Several ways to do it for conversion to const char* is given in
Josuttis book for standart template library:
one could use std::string functions data(), or c_str() as following:

std::string s("1234");
const char* p;

p = s.c_str(); or
p = s.data();

but that is for const char* and doesn't work directly for char*. Should
one try to convert by putting const away, or there are easier ways to
do it?

The problem is not dramatic but it would be nice to have it without
warnings.

Any ideas will be appreciated.

Thanks.
 
V

Victor Bazarov

Anton said:
Imagine the situation you have a class that interprets the command line
of the program you are executing.
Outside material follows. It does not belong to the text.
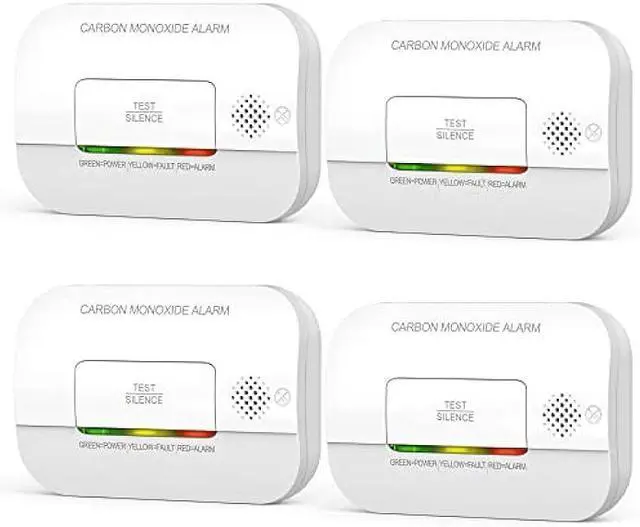 Main image of Carbon Monoxide Detector, 7 Year Sensor Life CO Detector with Battery Warning Indicator and Test Button, 85 dB, for Ceiling and Wall Mounting, White (4 Pack)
This class is written by third party
and has a main function parse with arguments the same as main:

ClassA::parse(char **argv, int argc)

While trying to write test cases for this function I came across the
warnings appeared when I tried to initialize 'char** argv' straightly
from strings, like this:

argv[0] = "optionalProgramName";
argv[1] = "-a"; // some value argument
argv[2] = "aFileName.txt"; // its concrete value
argv[3] = "-nbc"; // some switch arguments
...

but that results in to warning: deprecated conversion from string
constant to `char*'. I'm using gcc 3.4.3 with strict warning policy: -W
-Wall -Wwrite-strings

Does somebody know the way to initialize char* with a constant string
that won't give warnings?

I'd probably go with

char argv0[] = "optionalProgramName";
char argv1[] = "-a";

....

argv[0] = argv0;
argv[1] = argv1;

....

OTOH, why don't you declare 'parse' to accept an array of pointers to
const char instead? You're not changing them, are you?

V
 
K

Karl Heinz Buchegger

Anton said:
argv[0] = "optionalProgramName";
argv[1] = "-a"; // some value argument
argv[2] = "aFileName.txt"; // its concrete value
argv[3] = "-nbc"; // some switch arguments
...

but that results in to warning: deprecated conversion from string
constant to `char*'. I'm using gcc 3.4.3 with strict warning policy: -W
-Wall -Wwrite-strings

Does somebody know the way to initialize char* with a constant string
that won't give warnings?

It seems that it is unclear to you on what the warning really refers to.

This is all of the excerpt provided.